Hot review | Musk, who had trouble riding a tiger, waited for rabbits on Twitter

新浪科技 ·  Jun 11, 2022 20:02

Source: Sina Technology

Author: Zheng Jun

Editor: Han Dapeng

After weeks of stalemate, Twitter's board made another major concession this week, agreeing to authorize Mr Musk's team to view Twitter's internal operating data in order to identify the size of fake accounts on the platform. This is the Nth time in the past two months between the two sides, Musk once again seems to have the upper hand.

The acquisition, like a soap opera with twists and turns, is destined to be written into a business school course. Often it seems to be a foregone conclusion, but it is always a new variable; the two sides take hands back and forth, and the prospect is still uncertain. But if Mr Musk could go back to April 25th, he might persuade himself to be cautious before signing the agreement, contented at the time, because he had jumped into a "big pit".

Step by step in the first half

The first half of the deal was a step-by-step move by Musk and it was inevitable. From the end of January to the end of March, Musk quietly acquired a 9.2% stake in Twitter on the open market for $2.6 billion, making him the largest shareholder in Twitter. After buying enough shares, Musk began to campaign on the Twitter platform at the end of March, privately approached the Twitter board to find out his intention, and finally announced his shareholding on April 4.

Under the banner of "defending freedom of expression", Musk made a $44 billion takeover offer to Twitter's board of directors on April 14. Despite being resisted by the Twitter board's "poison pill", the world's richest man saw the fatal weakness of the board's lack of voting rights and joined forces with many institutional investors to raise acquisition funds to put public pressure on the Twitter board to change its attitude. finally signed a takeover agreement with Musk on April 25.

At that time, Musk seemed satisfied with his wish, and Twitter was in the bag. The outside world is more concerned about how he will transform the social media platform after he takes Twitter into account. the focus of American society is whether Musk will overturn Twitter's current content control policy. let former President Trump and many right-wingers return to Twitter.

But the smug richest man in the world may not have thought that there is still a second half of the takeover contest, and the situation will change. As the macroeconomic situation began to cool in May, the stock market plummeted and Musk's personal wealth shrank sharply, along with Tesla, Inc.. The real battle around the acquisition has only just begun, with a variety of commercial and political forces competing behind the scenes.

From the signing of the acquisition agreement on April 25 to the beginning of May, Mr Musk was pushing ahead with acquisition financing step by step. His initial plan for the $44 billion acquisition was to borrow $13 billion from the bank, use Tesla, Inc. 's equity mortgage of $12.5 billion ($65 billion worth of Tesla, Inc. shares) and raise another $21 billion in cash.

Musk cashed out $8.5 billion by selling Tesla, Inc. shares at the end of April and actively brought in other investors, raising more than $7 billion from nearly 20 billionaires and institutional investors. Among them, his good friend, Oracle Corp founder Ellison personally contributed 1 billion US dollars.

The situation changed suddenly in the second half.

The big shift came on May 4, when the Fed announced an one-off rate hike of 50 basis points under severe inflationary pressures at a 40-year high, the biggest rate hike since 2000. In addition, the Fed announced that it was starting to shrink its portfolio in an attempt to reduce inflation through a two-pronged approach.

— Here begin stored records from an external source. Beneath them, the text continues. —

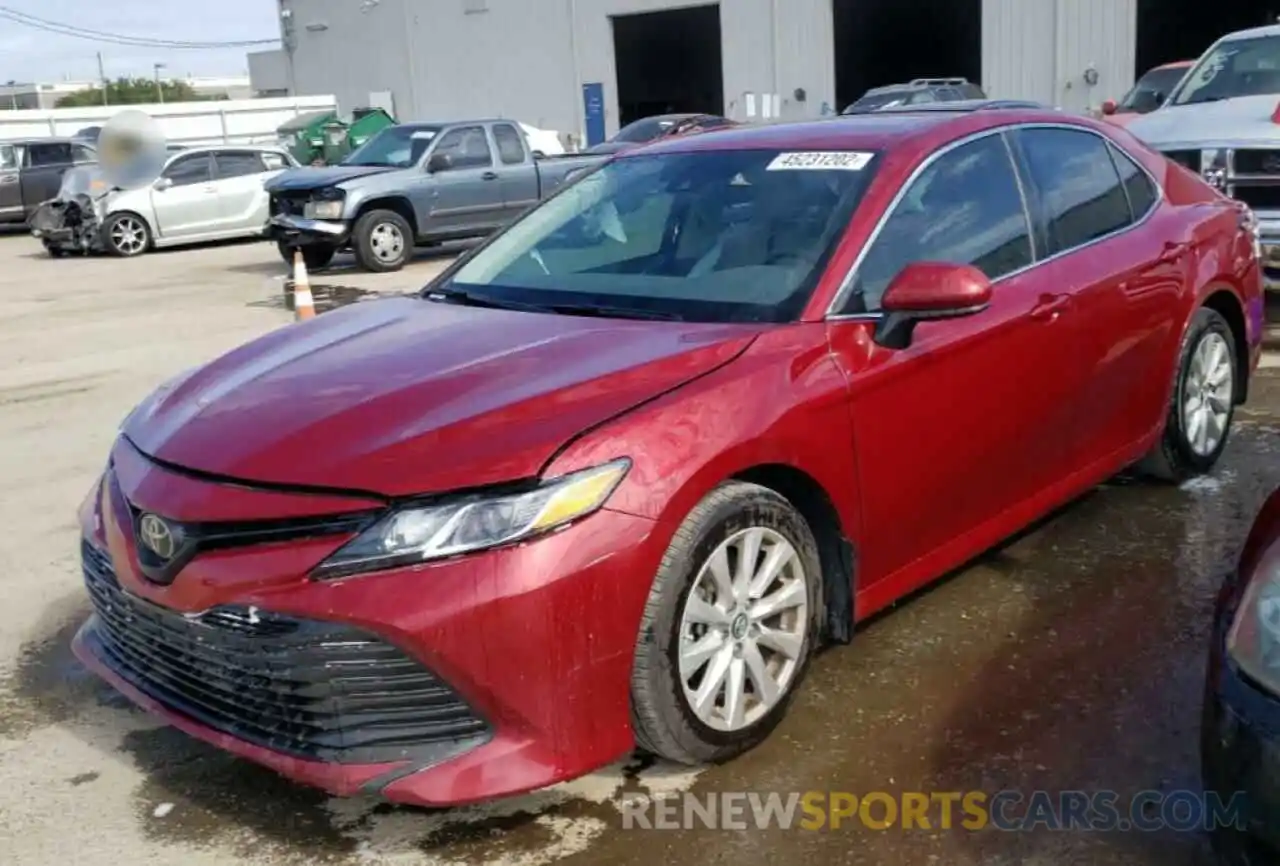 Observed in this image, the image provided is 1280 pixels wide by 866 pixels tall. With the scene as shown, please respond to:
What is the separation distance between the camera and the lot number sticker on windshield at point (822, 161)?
4109mm

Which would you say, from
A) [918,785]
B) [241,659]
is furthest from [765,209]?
[241,659]

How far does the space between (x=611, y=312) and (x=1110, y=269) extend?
195 cm

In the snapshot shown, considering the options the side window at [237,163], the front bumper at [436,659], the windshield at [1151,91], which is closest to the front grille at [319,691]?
the front bumper at [436,659]

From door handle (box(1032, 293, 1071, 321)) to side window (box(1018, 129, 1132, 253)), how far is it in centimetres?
21

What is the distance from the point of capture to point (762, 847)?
311cm

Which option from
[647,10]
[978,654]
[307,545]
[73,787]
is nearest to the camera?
[307,545]

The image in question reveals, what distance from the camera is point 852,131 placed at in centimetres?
437

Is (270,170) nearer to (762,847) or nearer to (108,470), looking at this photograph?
(108,470)

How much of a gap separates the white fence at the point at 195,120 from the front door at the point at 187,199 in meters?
13.2

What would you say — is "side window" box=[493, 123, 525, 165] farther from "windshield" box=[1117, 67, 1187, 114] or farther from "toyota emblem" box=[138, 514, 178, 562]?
"toyota emblem" box=[138, 514, 178, 562]

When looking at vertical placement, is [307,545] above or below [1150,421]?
above

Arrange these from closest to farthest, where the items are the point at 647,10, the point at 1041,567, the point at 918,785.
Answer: the point at 918,785, the point at 1041,567, the point at 647,10

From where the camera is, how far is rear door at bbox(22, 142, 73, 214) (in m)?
23.7

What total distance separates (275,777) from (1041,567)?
9.04 ft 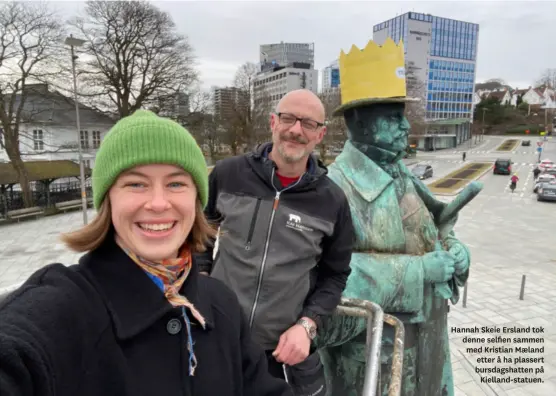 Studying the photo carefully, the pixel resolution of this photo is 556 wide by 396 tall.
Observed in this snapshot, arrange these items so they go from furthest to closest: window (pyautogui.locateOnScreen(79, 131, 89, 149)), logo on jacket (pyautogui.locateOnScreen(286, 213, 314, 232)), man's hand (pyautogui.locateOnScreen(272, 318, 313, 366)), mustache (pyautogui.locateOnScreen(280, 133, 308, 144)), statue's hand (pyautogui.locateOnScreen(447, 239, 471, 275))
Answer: window (pyautogui.locateOnScreen(79, 131, 89, 149)) → statue's hand (pyautogui.locateOnScreen(447, 239, 471, 275)) → mustache (pyautogui.locateOnScreen(280, 133, 308, 144)) → logo on jacket (pyautogui.locateOnScreen(286, 213, 314, 232)) → man's hand (pyautogui.locateOnScreen(272, 318, 313, 366))

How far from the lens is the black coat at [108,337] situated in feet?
2.74

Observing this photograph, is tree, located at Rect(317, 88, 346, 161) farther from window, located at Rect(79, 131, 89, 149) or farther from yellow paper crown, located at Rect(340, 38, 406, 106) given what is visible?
yellow paper crown, located at Rect(340, 38, 406, 106)

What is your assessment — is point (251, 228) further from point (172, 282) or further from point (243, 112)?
point (243, 112)

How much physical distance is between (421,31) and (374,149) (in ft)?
265

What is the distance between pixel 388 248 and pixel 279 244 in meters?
0.81

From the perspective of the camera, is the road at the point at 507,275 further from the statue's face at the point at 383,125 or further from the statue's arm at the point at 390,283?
the statue's face at the point at 383,125

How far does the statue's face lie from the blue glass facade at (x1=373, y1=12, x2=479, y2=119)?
73204mm

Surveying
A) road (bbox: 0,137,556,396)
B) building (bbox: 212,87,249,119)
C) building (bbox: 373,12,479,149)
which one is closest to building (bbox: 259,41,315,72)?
building (bbox: 373,12,479,149)

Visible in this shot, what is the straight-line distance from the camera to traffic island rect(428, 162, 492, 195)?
2303 cm

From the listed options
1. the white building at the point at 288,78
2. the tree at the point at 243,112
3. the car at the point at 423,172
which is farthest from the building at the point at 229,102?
the white building at the point at 288,78

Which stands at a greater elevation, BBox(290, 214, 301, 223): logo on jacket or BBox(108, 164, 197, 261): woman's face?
BBox(108, 164, 197, 261): woman's face

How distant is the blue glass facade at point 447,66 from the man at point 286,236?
243 ft

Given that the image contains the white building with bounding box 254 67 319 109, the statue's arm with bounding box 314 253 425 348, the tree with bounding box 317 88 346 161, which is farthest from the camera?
the white building with bounding box 254 67 319 109

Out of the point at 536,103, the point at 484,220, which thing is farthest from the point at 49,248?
the point at 536,103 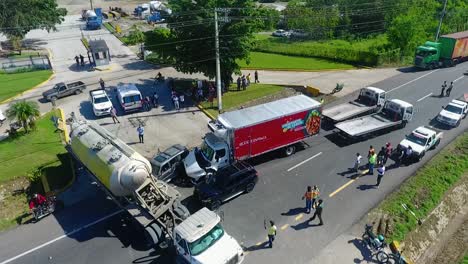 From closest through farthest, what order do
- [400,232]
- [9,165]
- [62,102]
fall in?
[400,232], [9,165], [62,102]

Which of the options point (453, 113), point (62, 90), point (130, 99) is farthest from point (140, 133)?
point (453, 113)

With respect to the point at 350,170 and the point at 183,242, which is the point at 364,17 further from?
the point at 183,242

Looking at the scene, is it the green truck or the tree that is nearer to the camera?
the tree

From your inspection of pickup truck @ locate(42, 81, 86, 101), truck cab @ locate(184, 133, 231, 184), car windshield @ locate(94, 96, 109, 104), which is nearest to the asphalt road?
truck cab @ locate(184, 133, 231, 184)

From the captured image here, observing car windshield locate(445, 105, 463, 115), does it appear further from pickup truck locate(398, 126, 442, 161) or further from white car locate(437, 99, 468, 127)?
pickup truck locate(398, 126, 442, 161)

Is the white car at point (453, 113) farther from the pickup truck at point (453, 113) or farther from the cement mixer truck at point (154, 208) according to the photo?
the cement mixer truck at point (154, 208)

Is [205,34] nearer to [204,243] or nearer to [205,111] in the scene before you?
[205,111]

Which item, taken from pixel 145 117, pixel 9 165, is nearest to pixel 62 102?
pixel 145 117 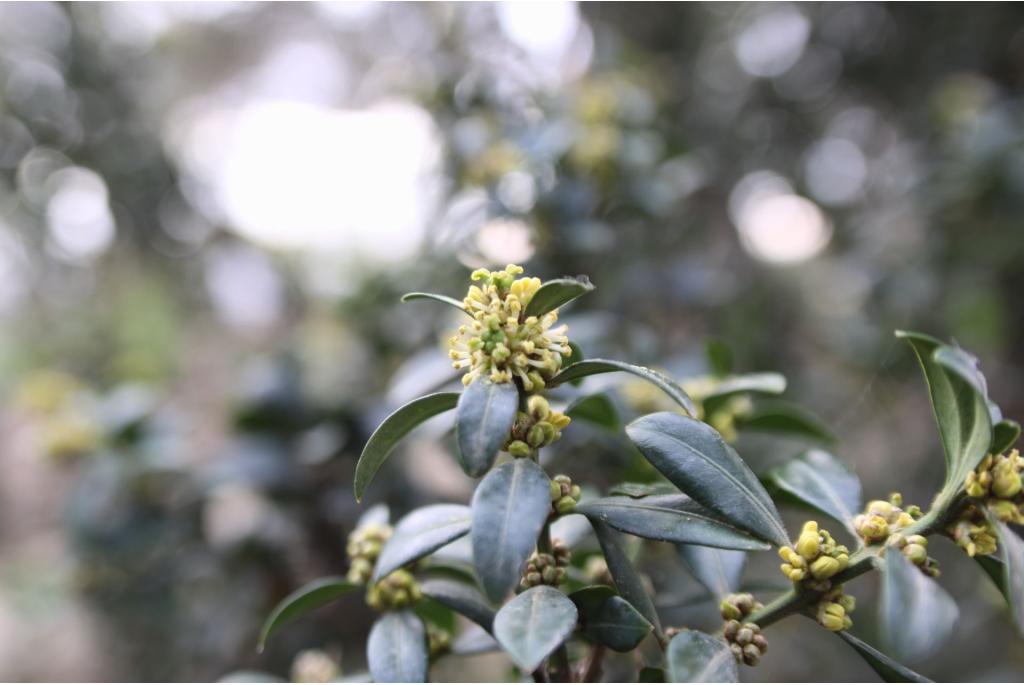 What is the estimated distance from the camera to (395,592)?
26.6 inches

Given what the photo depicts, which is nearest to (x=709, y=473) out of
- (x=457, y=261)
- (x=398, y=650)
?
(x=398, y=650)

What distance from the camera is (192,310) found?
11.0ft

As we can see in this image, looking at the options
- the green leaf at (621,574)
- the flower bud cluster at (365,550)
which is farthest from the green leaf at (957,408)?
the flower bud cluster at (365,550)

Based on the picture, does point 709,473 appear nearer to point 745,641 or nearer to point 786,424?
point 745,641

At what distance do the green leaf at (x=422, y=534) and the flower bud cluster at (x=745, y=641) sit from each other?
0.21 meters

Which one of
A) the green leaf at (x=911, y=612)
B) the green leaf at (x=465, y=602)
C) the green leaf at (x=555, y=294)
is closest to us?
the green leaf at (x=911, y=612)

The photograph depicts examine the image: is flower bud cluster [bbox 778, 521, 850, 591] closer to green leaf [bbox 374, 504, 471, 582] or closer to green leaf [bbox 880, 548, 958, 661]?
green leaf [bbox 880, 548, 958, 661]

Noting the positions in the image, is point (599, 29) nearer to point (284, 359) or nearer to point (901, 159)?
point (901, 159)

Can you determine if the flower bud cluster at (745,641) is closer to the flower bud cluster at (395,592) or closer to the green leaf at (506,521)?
the green leaf at (506,521)

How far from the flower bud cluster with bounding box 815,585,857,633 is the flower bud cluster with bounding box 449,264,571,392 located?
254 mm

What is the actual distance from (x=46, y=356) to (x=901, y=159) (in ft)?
11.6

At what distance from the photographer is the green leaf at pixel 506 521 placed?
47 cm

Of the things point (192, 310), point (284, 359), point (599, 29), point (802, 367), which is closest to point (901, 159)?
point (802, 367)

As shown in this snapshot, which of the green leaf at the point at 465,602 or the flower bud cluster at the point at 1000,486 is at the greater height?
the flower bud cluster at the point at 1000,486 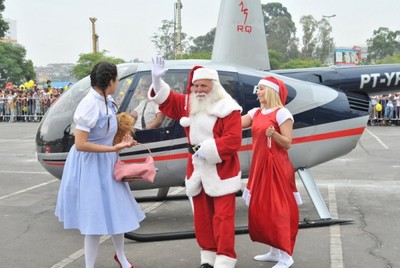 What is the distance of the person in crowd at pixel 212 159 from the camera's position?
13.7ft

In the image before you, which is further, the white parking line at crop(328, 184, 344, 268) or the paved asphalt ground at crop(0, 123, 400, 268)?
the paved asphalt ground at crop(0, 123, 400, 268)

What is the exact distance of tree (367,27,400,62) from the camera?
100m

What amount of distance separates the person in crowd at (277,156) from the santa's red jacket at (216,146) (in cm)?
31

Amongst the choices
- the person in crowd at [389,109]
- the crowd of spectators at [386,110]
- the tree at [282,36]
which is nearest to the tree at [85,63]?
the crowd of spectators at [386,110]

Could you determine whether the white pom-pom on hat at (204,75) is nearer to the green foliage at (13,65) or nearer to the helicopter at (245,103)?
the helicopter at (245,103)

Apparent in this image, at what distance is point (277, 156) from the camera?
451cm

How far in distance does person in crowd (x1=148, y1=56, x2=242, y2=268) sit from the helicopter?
137 centimetres

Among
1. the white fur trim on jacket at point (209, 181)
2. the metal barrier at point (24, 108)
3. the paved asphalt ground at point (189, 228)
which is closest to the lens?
the white fur trim on jacket at point (209, 181)

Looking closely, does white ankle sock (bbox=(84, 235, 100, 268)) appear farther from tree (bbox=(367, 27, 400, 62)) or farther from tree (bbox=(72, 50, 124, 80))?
tree (bbox=(367, 27, 400, 62))

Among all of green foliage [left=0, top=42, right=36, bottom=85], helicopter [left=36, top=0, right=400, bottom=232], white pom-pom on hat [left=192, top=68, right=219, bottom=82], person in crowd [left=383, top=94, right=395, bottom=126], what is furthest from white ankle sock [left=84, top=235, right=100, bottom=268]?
green foliage [left=0, top=42, right=36, bottom=85]

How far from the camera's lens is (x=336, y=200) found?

The technology stocks that have led the rise in the stock market over the past two years have been among the worst-hit sectors as investors look for safe havens. Tesla, Inc. 's share price plummeted 8% the next day, and then plummeted from $952 to $625 on may 24, wiping out 1/3 of its market capitalization. Although it has slowly recovered to its current level of $725 over the past two weeks, it is still a big gap from $1145 in early April.

In other words, since Musk announced his stake in Twitter and launched a hostile takeover, Tesla, Inc. 's market value has evaporated by more than 1/3, and Musk's personal wealth has shrunk by more than $60 billion over the same period. This may explain why Musk publicly broke face with Gates, the former richest man in the world.

Gates not only invested $500m to short Tesla, Inc. 's share price, but also publicly spoke out and funded opposition to Musk's acquisition of Twitter. After Musk announced his acquisition of Twitter, 26 US NGOs publicly called on advertisers to boycott Mr Musk's acquisition of Twitter, including 11 organizations that have long been supported by the Gates Foundation. they received a total of $460 million from the Gates Foundation.

The fall in Tesla, Inc. 's share price has also brought more trouble to Musk. Musk previously used the margin loan secured by Tesla, Inc. 's equity to set the margin line of US $740, that is, if Tesla, Inc. 's share price falls below this price, it means that Musk's Tesla, Inc. equity used as collateral is no longer worth enough, and he needs to mortgage more equity. Or sell the equity to cash in to cover the position. In mid-May, Tesla, Inc. 's share price has fallen below this margin line.

In addition, Tesla, Inc. executives can only qualify for up to 25 per cent of their shares. Musk currently holds 170 million Tesla, Inc. shares and 73 million options. Although he can't sell options to cash out, he can use it as a mortgage. By the end of last year, Musk had mortgaged more than 80 million Tesla, Inc. shares for margin loans, approaching the stock mortgage quota, meaning he could no longer mortgage more shares to cover his positions.

Affected by the sharp fall in Tesla, Inc. 's share price, Musk had to reduce the equity margin loan portion of the Twitter acquisition. On May 26th, Mr Musk filed regulatory filings to raise the personal financing portion of the $44 billion financing to $33.5 billion and to seek additional financing guarantees, thereby abandoning the use of margin loans in the Twitter deal altogether.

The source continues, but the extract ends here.